時事通信 5/18(木) 20:27配信

 自民党の二階俊博幹事長は18日、党憲法改正推進本部の保岡興治本部長と党本部で会談し、安倍晋三首相が検討の加速を指示した党の改憲案づくりについて、推進本部の体制を強化して対応する方針を確認した。

 当面は新たな協議機関を設置せずに議論を進める。

 党内では推進本部の下に、首相に近いベテランらで構成する小委員会や起草委員会を設ける案が出ていたが、保岡氏は二階氏との会談後、記者団に「将来は考える必要があるかもしれないが、当面は推進本部を強化していく」と語った。

 首相が改憲案を唐突に打ち出し、具体化を急がせることに党内では不満もくすぶっている。新機関設置の見送りには、党内融和を図りつつ検討を進める狙いがあるとみられる。

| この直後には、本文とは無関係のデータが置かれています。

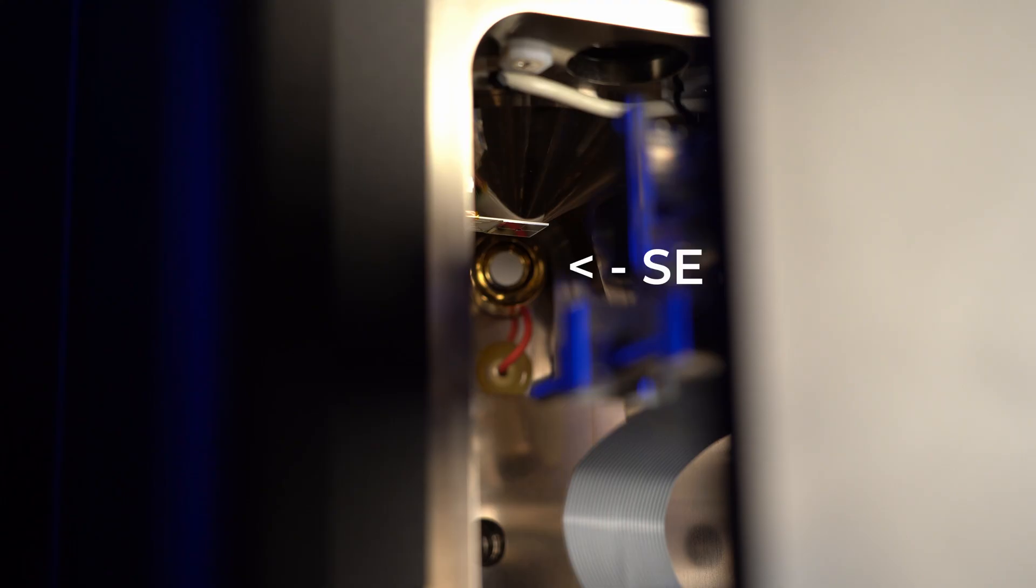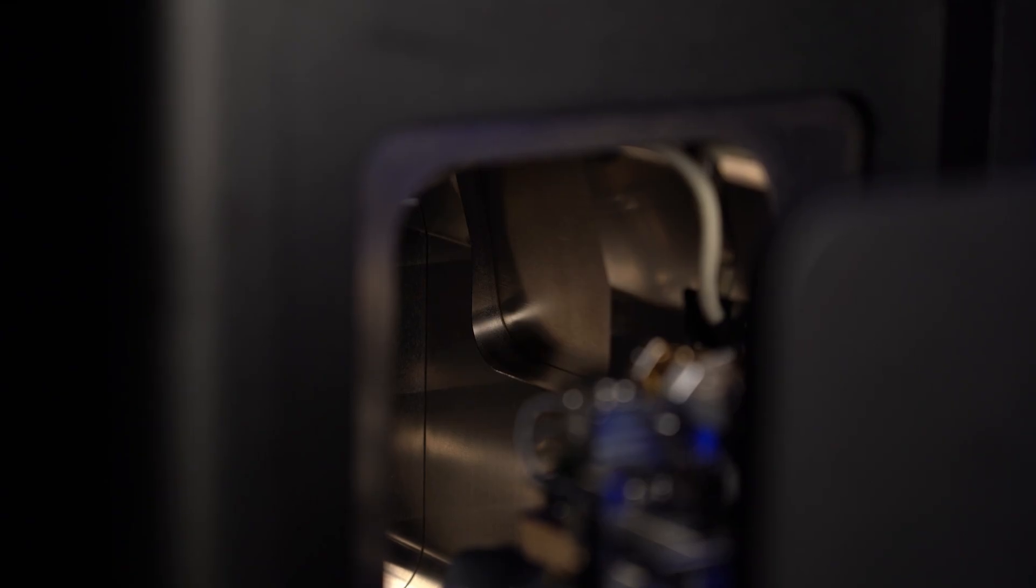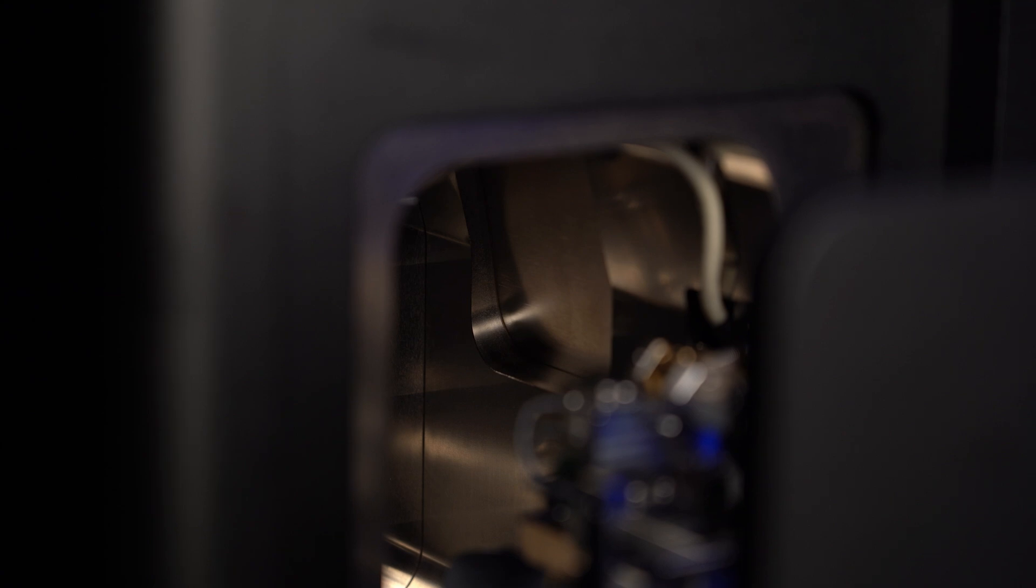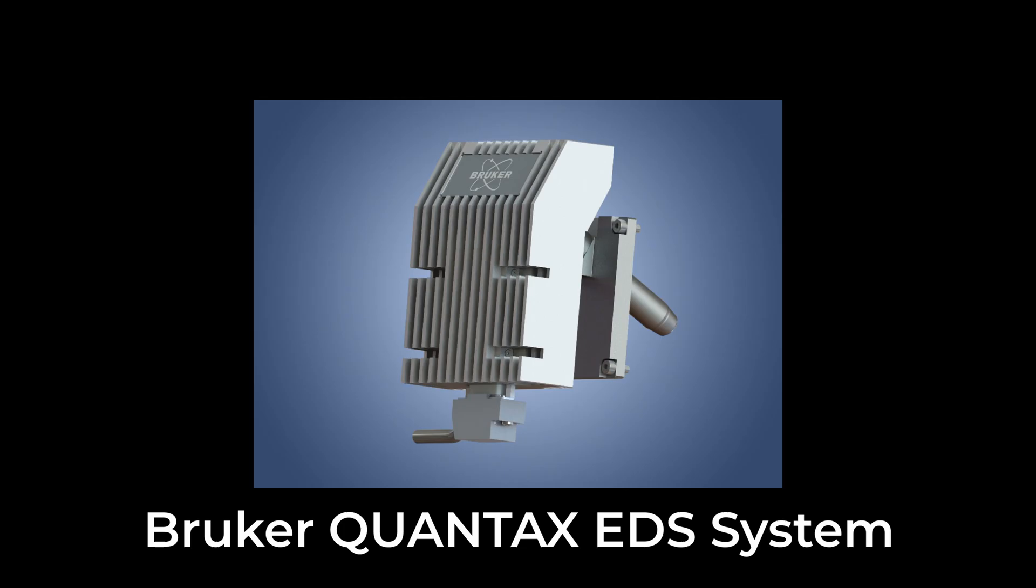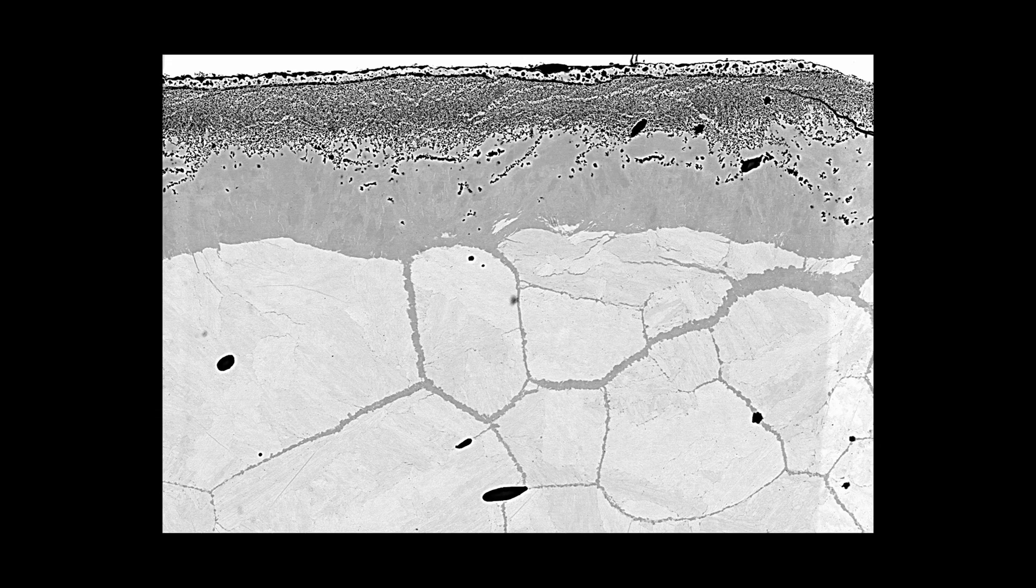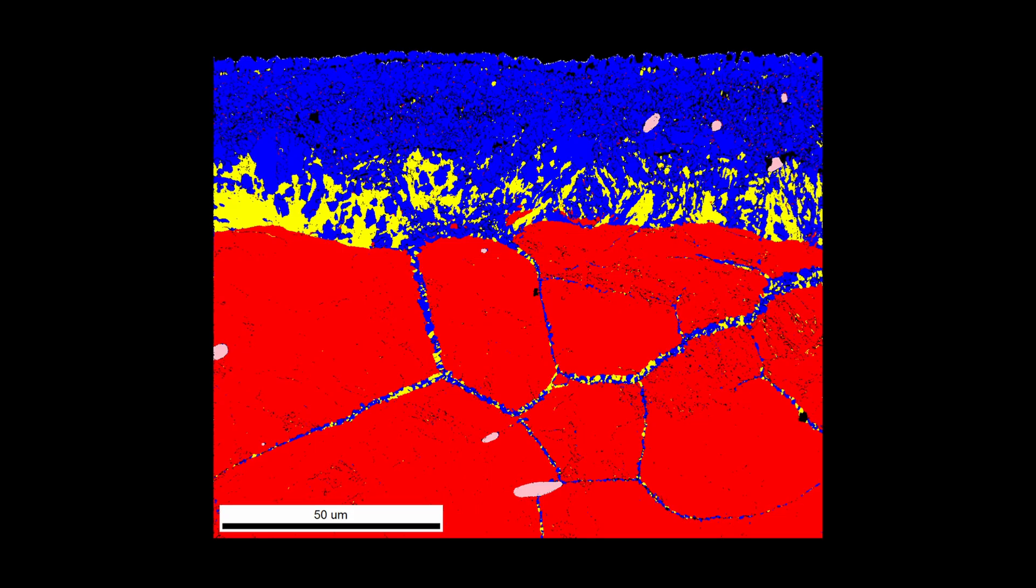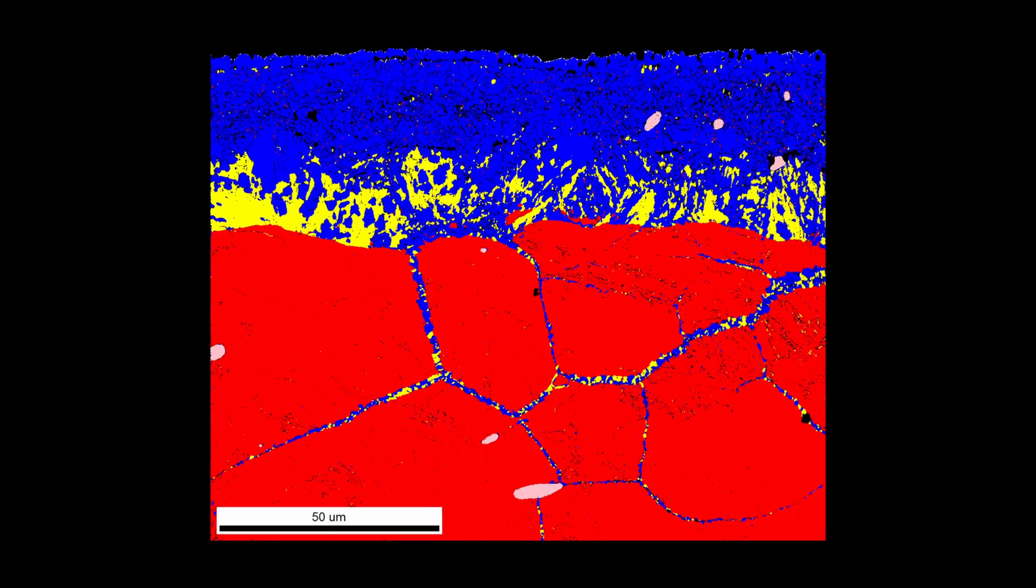In the chamber you can see secondary electron and backscattered electron detectors. Also we have a port for EDS detector installation, but spectroscopy is the long story, so we'll dive into it in future episodes.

 当面の進め方としては、推進本部の役員に首相に近い高村正彦副総裁や、党の改憲草案づくりを担った石破茂前地方創生担当相らを加える案が取り沙汰されている。首相は18日、高村氏と国会内で会談し「保岡氏の相談に乗ってほしい」と要請した。

 改憲項目について、首相は(1)9条への自衛隊明記(2)高等教育の無償化(3)緊急事態条項の創設―を挙げている。二階、保岡両氏は同日の会談で、首相の意向を踏まえ議論を進める方針で一致した。